“Tiny Sign of Hope”
Lent 2009 – Day 7 (Mar 4)
By Deshi Ramadhani, SJ
Talking about the child within? Well, let me tell you this. Beside my pillow, there are Nemo and Dory. Yes, I sleep with fish! My favorite scene in the movie "Finding Nemo" is when Marlin is in a deep crisis and wants to give up, believing that he will never find back his son Nemo. Dory, the blue fish with short-term memory problem, tries her best (you can hear the funny voice of Ellen DeGeneres here). This is my favorite line said by Dory to the frustrated Marlin: “…And-and I look at you, and I... I'm home! Please. I don't want that to go away. I don't want to forget…” Without knowing, Dory has been able to overcome her short-term memory problem simply by being with Marlin.
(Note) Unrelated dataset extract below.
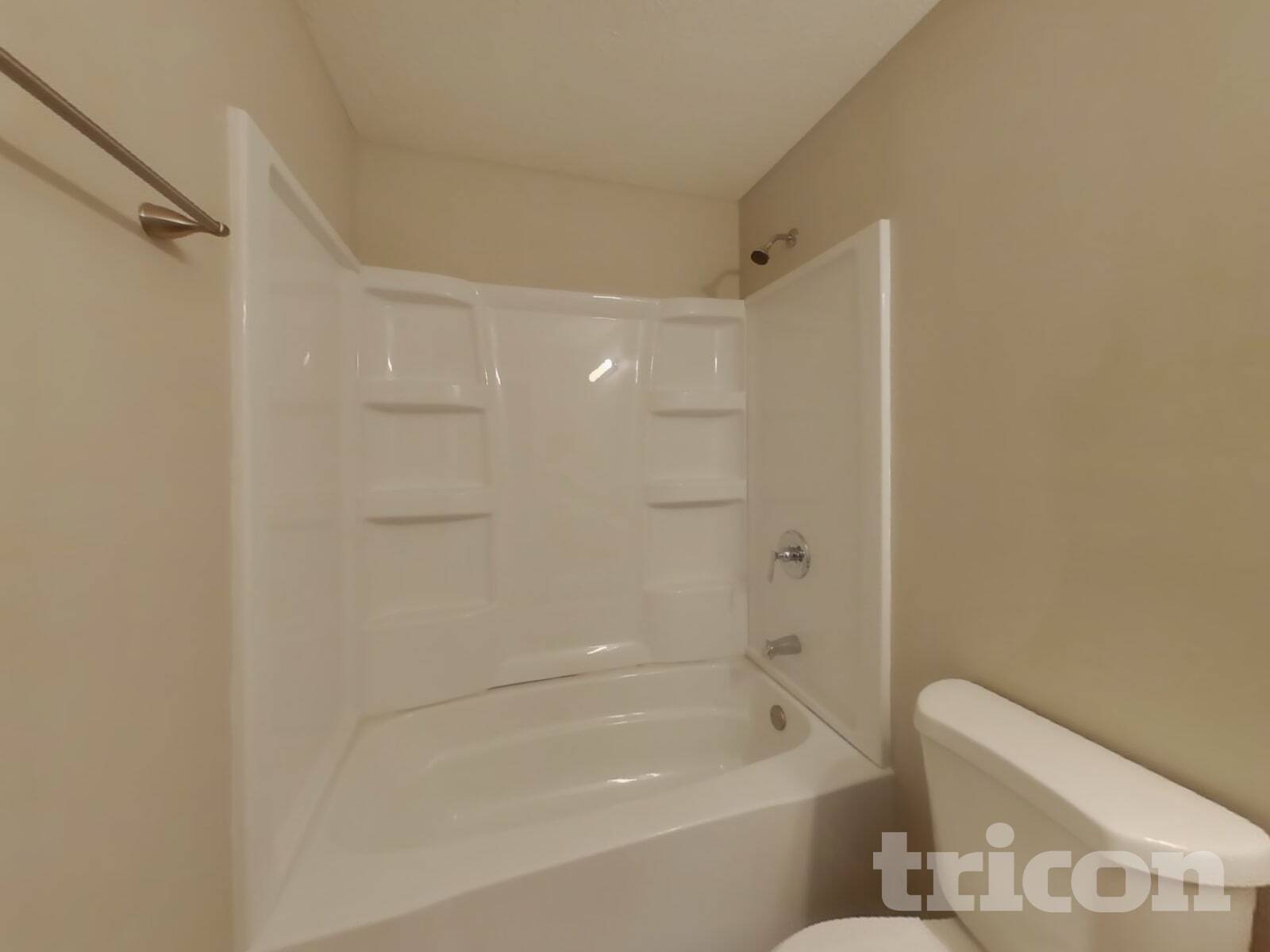 Building Photo - 6953 W Briar Park View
For me this is a beautiful scene that shows how imperfect persons can go beyond the barrier in each one of them simply by sharing the slightest hope that still remains. For Dory, this tiny sign of hope is that as long as Marlin is around, she can remember certain things!
Jonah is not a perfect prophet at all. He ran away the first time he heard God’s call. The beauty in this story is that God doesn’t give up on Jonah. God tries again, and this time Jonah obeys. Not only that. That fragile prophet simply gives a warning: “Folks, only forty days left!” To his surprise, those words turn out to be powerful. All have to repent! (I can’t help thinking of those poor animals that suddenly have to fast!). Imagine the life in the city of Nineveh during those fasting days. Those days are filled with little story-telling here and there. Those days become special because they simply hold on to the tiny sign of hope that still remains. “Who knows, if we repent, God will not condemn us,” so they think. They aren’t even sure about what God would do to them. Here we see something very beautiful. Something, I believe, that God did on purpose in order to teach Jonah. Here we see how repentance becomes the only hope of life. The choice between persisting in sin and repenting from sin becomes the choice between death and life.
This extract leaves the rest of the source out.